Each lgs file is expressed in Unicode UTF-8. Lines may be terminated by LF (code 10), CR (code 13), CRLF (code 10 followed by code 13), or LFCR (code 13 followed by code 10). Internally, Logiweb uses LF for terminating lines. More specificially, plain text inside Logiweb vectors and Logiweb racks uses LF for terminating lines. The purpose of this is to ensure interoperability between different platforms. lgc translates to LF when reading lgs files and translates to host newline convention when producing renderings.


The only reserved character in lgs is the double quote character. The lgs language uses double quote characters for many different purposes.
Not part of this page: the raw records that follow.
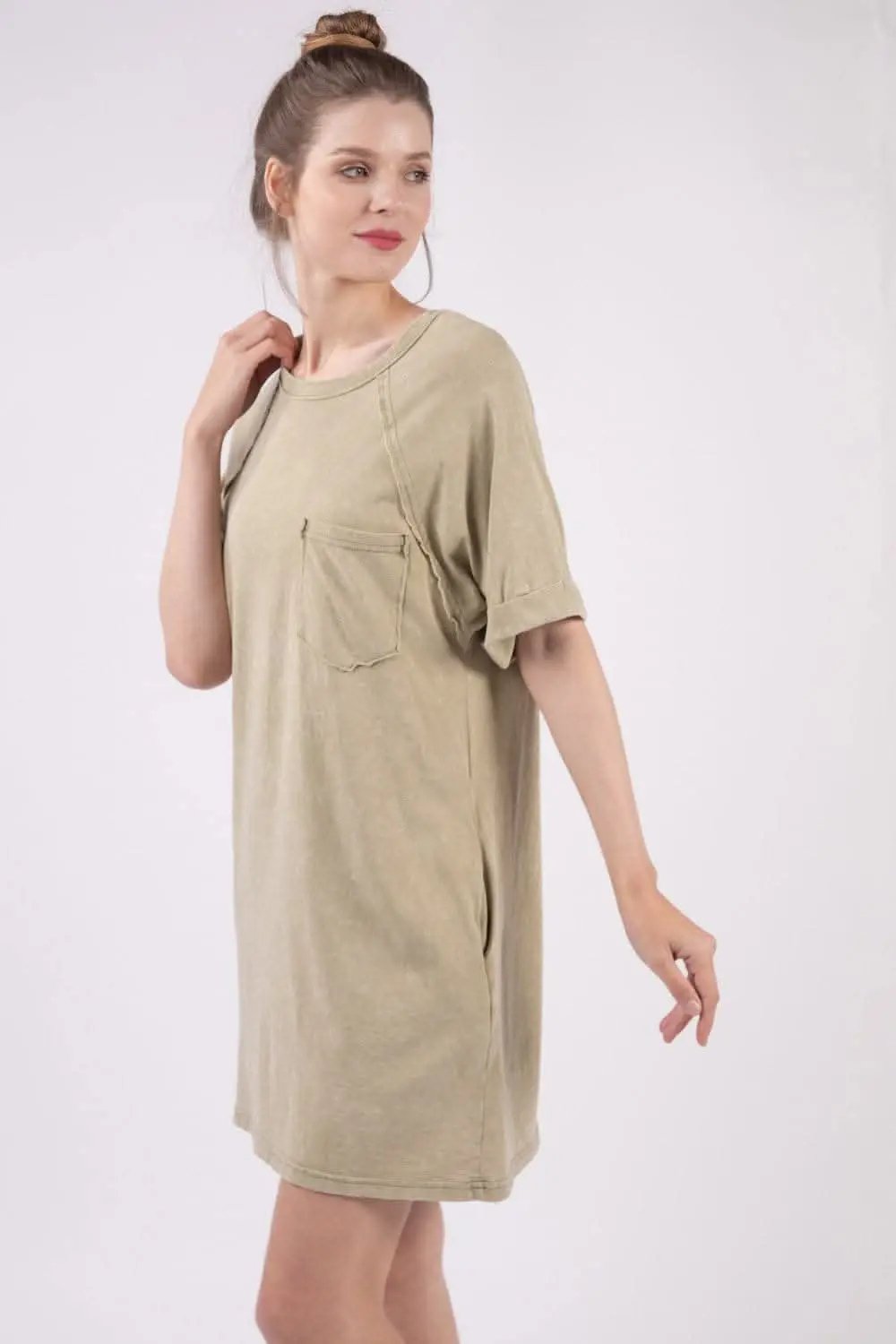 Dresses Trendsi Very J Washed Round Neck Mini Tee Dress for Effort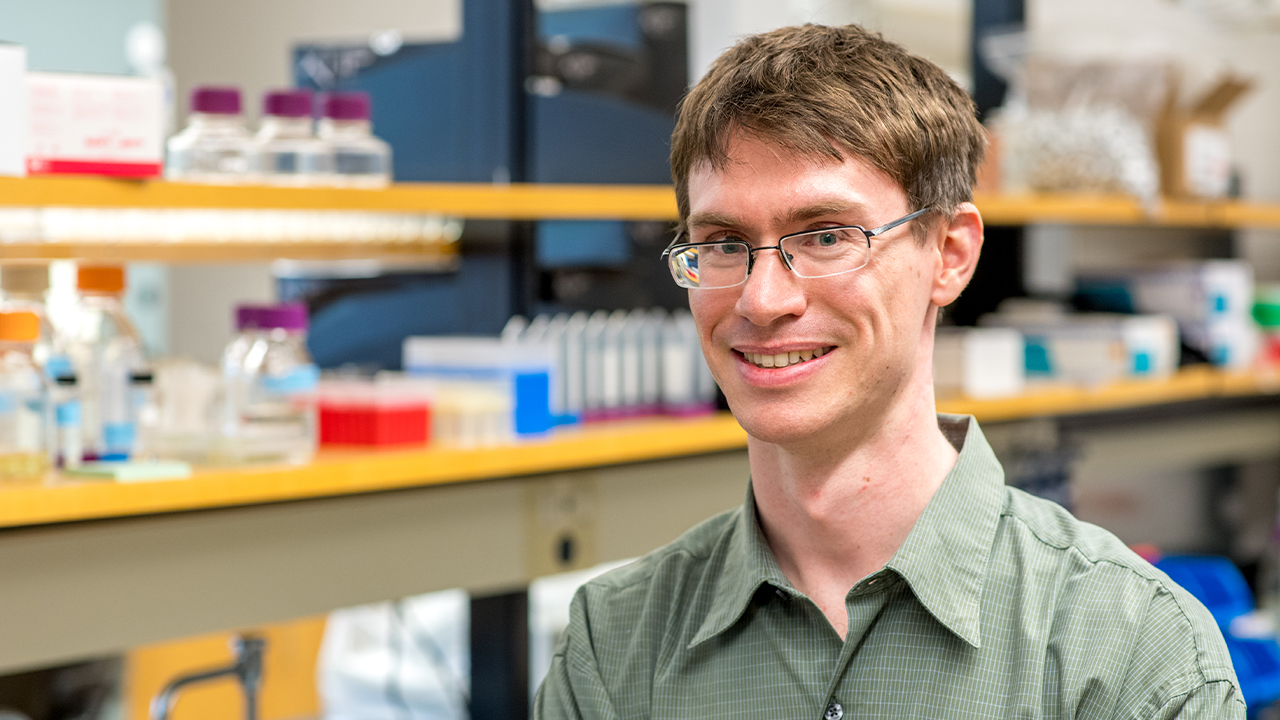 Brendan Higgins, assistant professor of biosystems engineering, in his lab.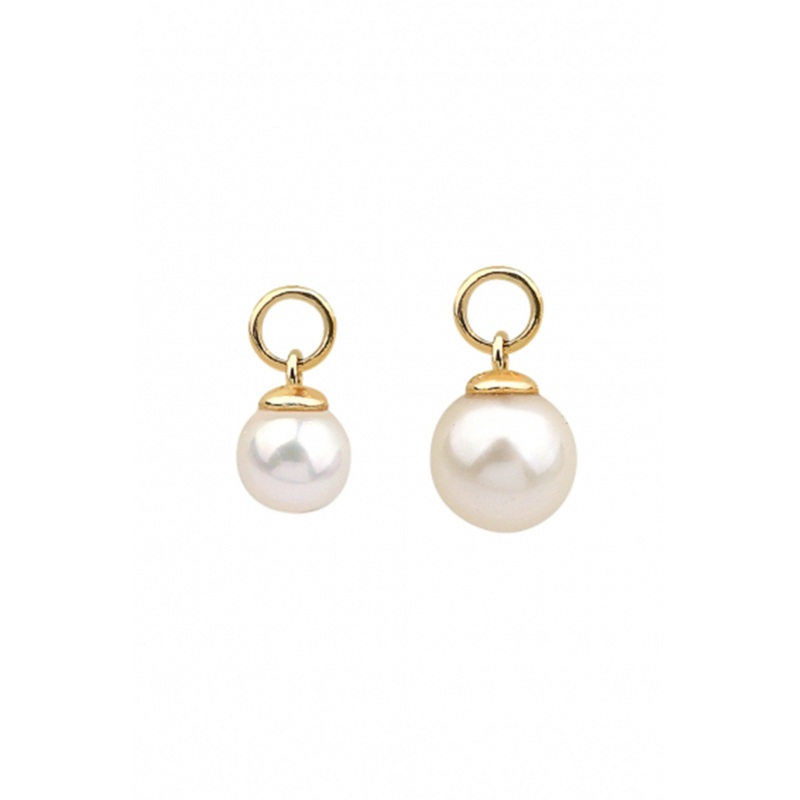 14 Real Solid Gold Minimalist Classic Vintage Dangle Boho Freshwater Pearl Hoop Earring Charm 14K Yellow Gold 3mm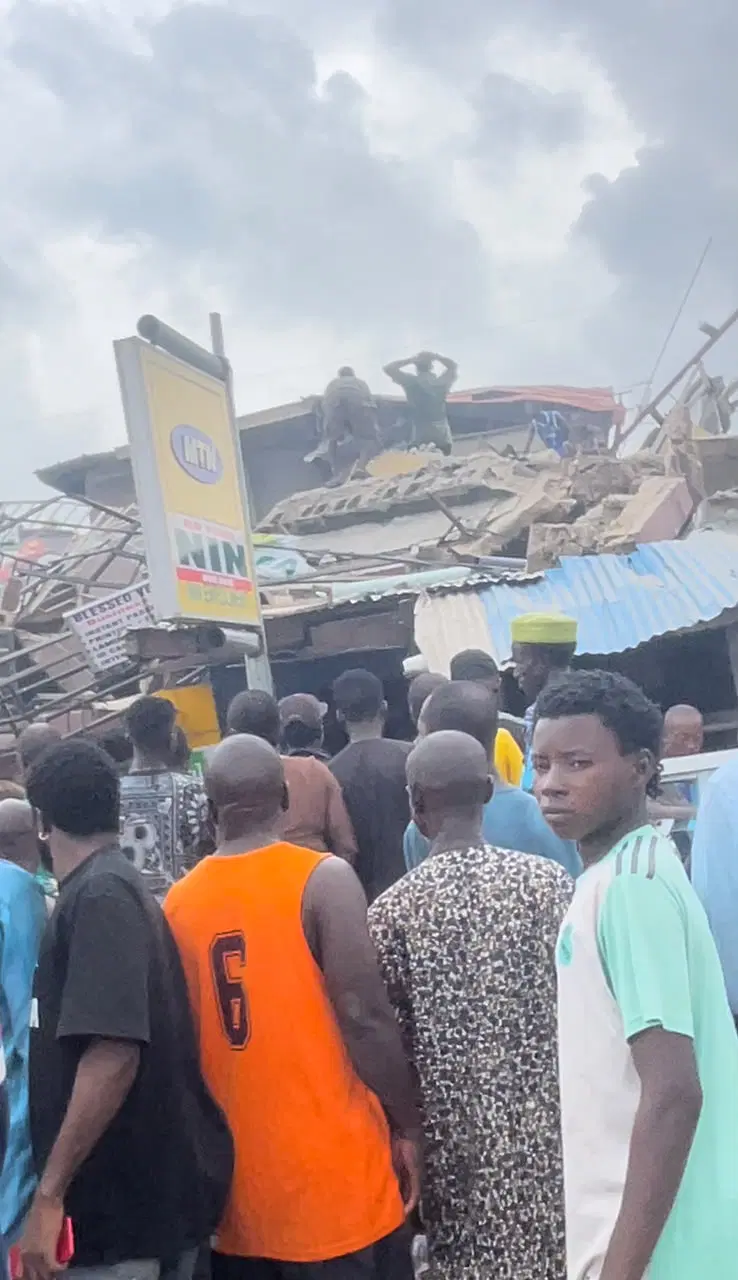 Panic as Building Collapses in Lagos, Rescue Operation Underway Amid Fears of Casualties
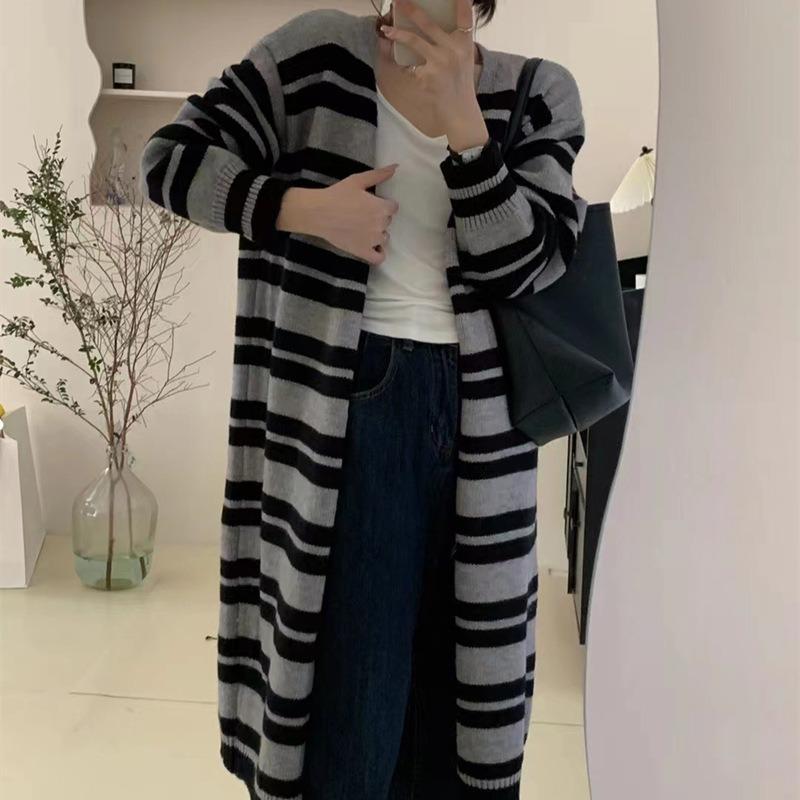 Black and white striped medium and long cardigan women's autumn retro lazy style top with casual sweater jacket women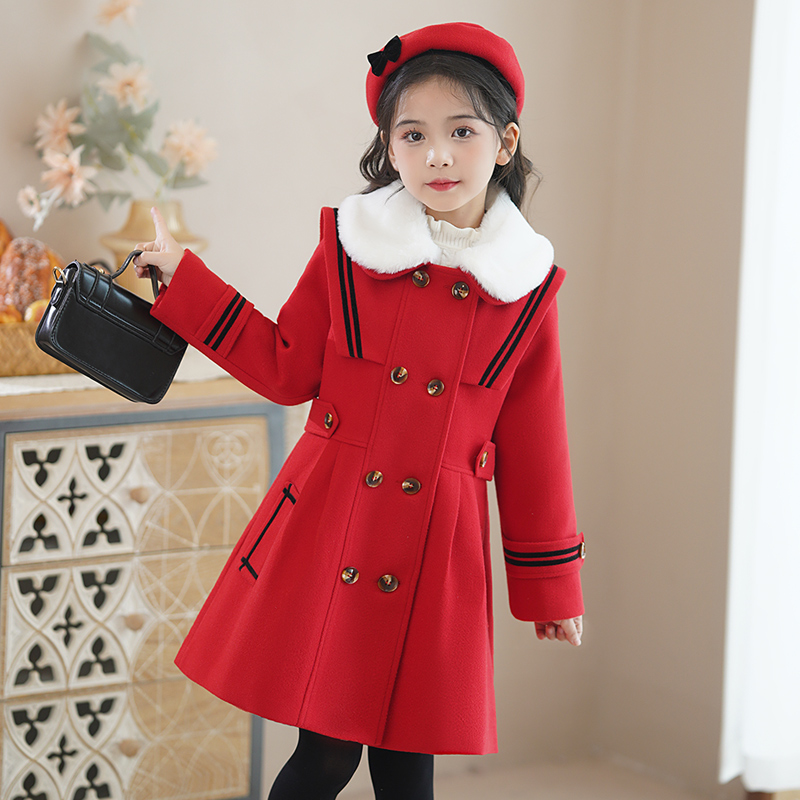 女童毛呢大衣外套秋冬款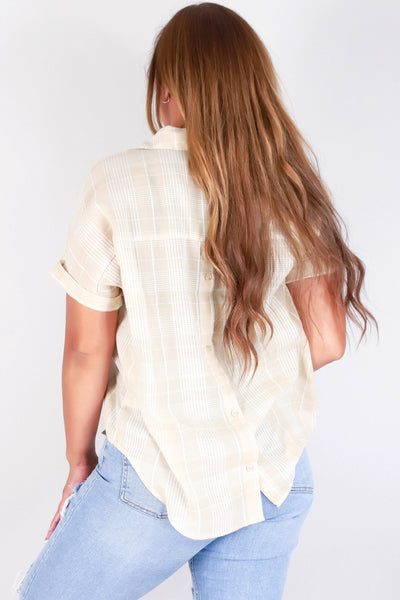 Jeans Warehouse Hawaii - S/S PRINT WOVEN TOPS - PLAID SPLIT NECK TOP | By MUSTARD SEED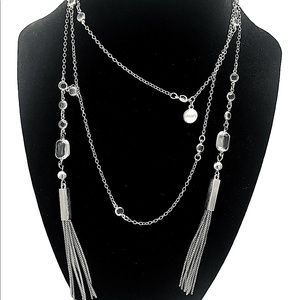 Chico’s Silver Tassel Station Necklace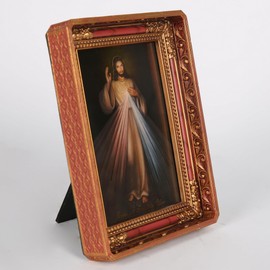 BC Catholic Divine Mercy Image 4" x 6" Tabletop Prayer Picture Framed, Small Jesus Christ Picture, Religious Gift of Indoor Home Decor, Hand Painted Vintage photo Frame by Buildclassic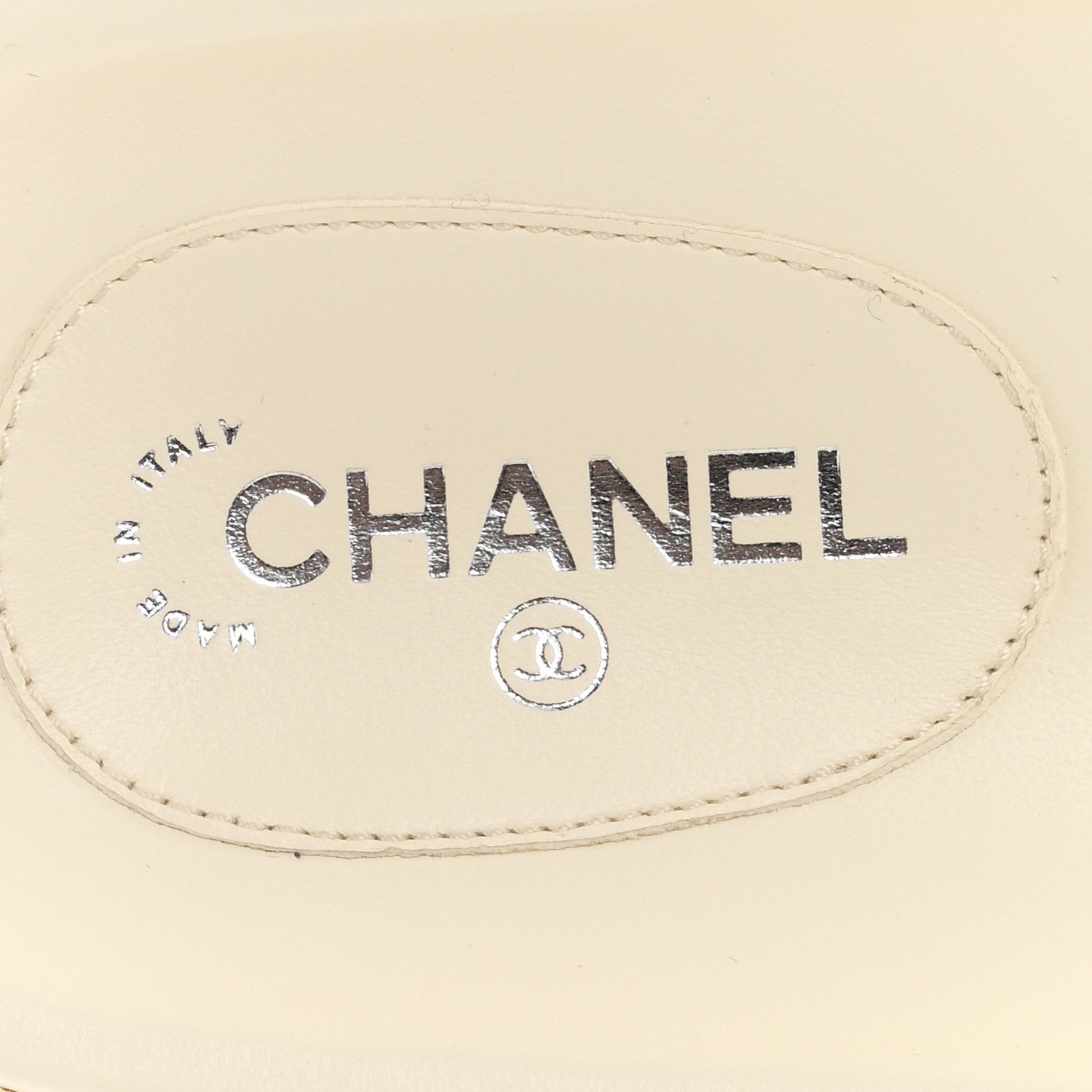 Chanel Lambskin Cha-Nel Mule Sandals 40.5 Ivory Multicolor 8 of 9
We shall refer to a sequence of two or more double quote characters as a 'multiquote' and to an isolated double quote character as a 'lone quote'. We shall refer to a multiquote followed by a non-quote as a 'directive'.


Comments start with ""{ or ""; directives (i.e. with two or more double quote characters followed by a left brace or a semicolon). Comments that start with ""; end at the end of the line. Comments that start with ""{ can span any number of lines. They end at the first ""} directive which has exactly the same number of double quote characters as the opening directive. This is an example of a comment:
    """{ A ""} ends a comment starting with ""{ """}
Note that the comment is enclosed in brace directives with three double quotes. The brace directives with two double quotes are part of the comment. Comments may occur anywhere except after a double quote since if it did then that double quote would be considered to be part of the directive. In particular, comments may occur inside strings and in the middle of keywords. If the first four characters of a file constitute the magic code "";; then the first line of the file is considered to be a 'header'. All hex characters from the magic code and up to the first non-hex character suggests what the reference of the page might be. Whenever a source file with a header is translated, the suggested reference is used if it fits the contents. Otherwise, a new reference is generated and the compiler writes the new reference back into the header. To use this facility, let your source file start with a line containing nothing but "";;. At first translation, a reference will be stored back in the header. After that, whenever you retranslate the source without having done changes to it, the page will get the same reference as last time it was translated. Without a header, the page will get a new time stamp at each translation.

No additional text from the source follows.